Microsoft’s new AI agent can control software and robots

The Magma model introduces two technical components: Set-of-Mark, which identifies objects that can be manipulated in an environment by assigning numeric labels to interactive elements, such as clickable buttons in a UI or graspable objects in a robotic workspace, and Trace-of-Mark, which learns movement patterns from video data. Microsoft says those features allow the model to complete tasks like navigating user interfaces or directing robotic arms to grasp objects.
Microsoft Magma researcher Jianwei Yang wrote in a Hacker News comment that the name “Magma” stands for “M(ultimodal) Ag(entic) M(odel) at Microsoft (Rese)A(rch),” after some people noted that “Magma” already belongs to an existing matrix algebra library, which could create some confusion in technical discussions.

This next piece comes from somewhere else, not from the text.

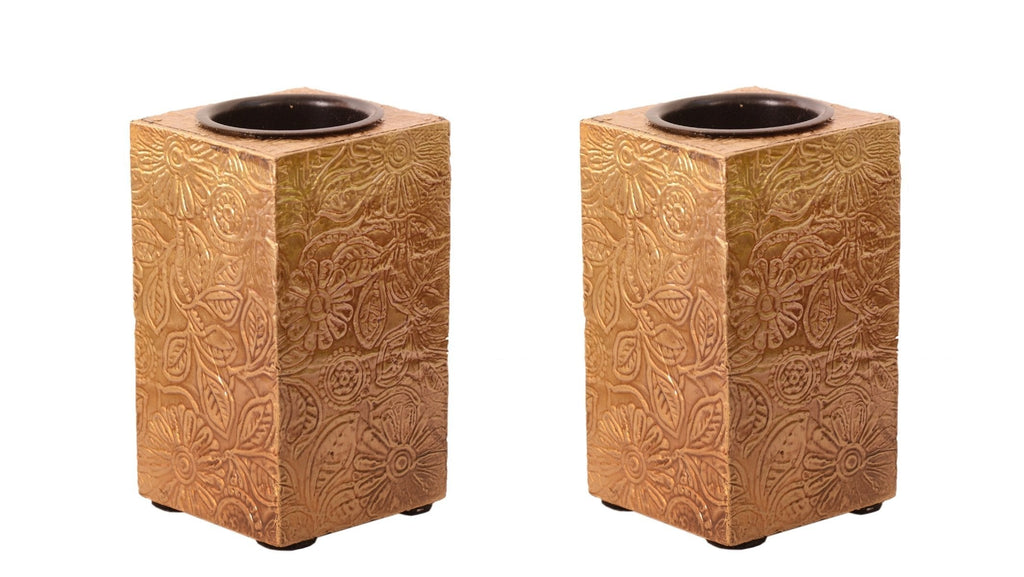 NewNest Australia - Purpledip Wooden T Light Candle Holders with Brass Sheet Cover (Set of 2) Golden, Indian Souvenir, Gift (10997)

Reported improvements over previous models
In its Magma write-up, Microsoft claims Magma-8B performs competitively across benchmarks, showing strong results in UI navigation and robot manipulation tasks.
For example, it scored 80.0 on the VQAv2 visual question-answering benchmark—higher than GPT-4V’s 77.2 but lower than LLaVA-Next’s 81.8. Its POPE score of 87.4 leads all models in the comparison. In robot manipulation, Magma reportedly outperforms OpenVLA, an open source vision-language-action model, in multiple robot manipulation tasks.
As always, we take AI benchmarks with a grain of salt since many have not been scientifically validated as being able to measure useful properties of AI models. External verification of Microsoft’s benchmark results will become possible once other researchers can access the public code release.
Like all AI models, Magma is not perfect. It still faces technical limitations in complex step-by-step decision-making that requires multiple steps over time, according to Microsoft’s documentation. The company says it continues to work on improving these capabilities through ongoing research.
Yang says Microsoft will release Magma’s training and inference code on GitHub next week, allowing external researchers to build on the work. If Magma delivers on its promise, it could push Microsoft’s AI assistants beyond limited text interactions, enabling them to operate software autonomously and execute real-world tasks through robotics.
Magma is also a sign of how quickly the culture around AI can change. Just a few years ago, this kind of agentic talk scared many people who feared it might lead to AI taking over the world. While some people still fear that outcome, in 2025, AI agents are a common topic of mainstream AI research that regularly takes place without triggering calls to pause all of AI development.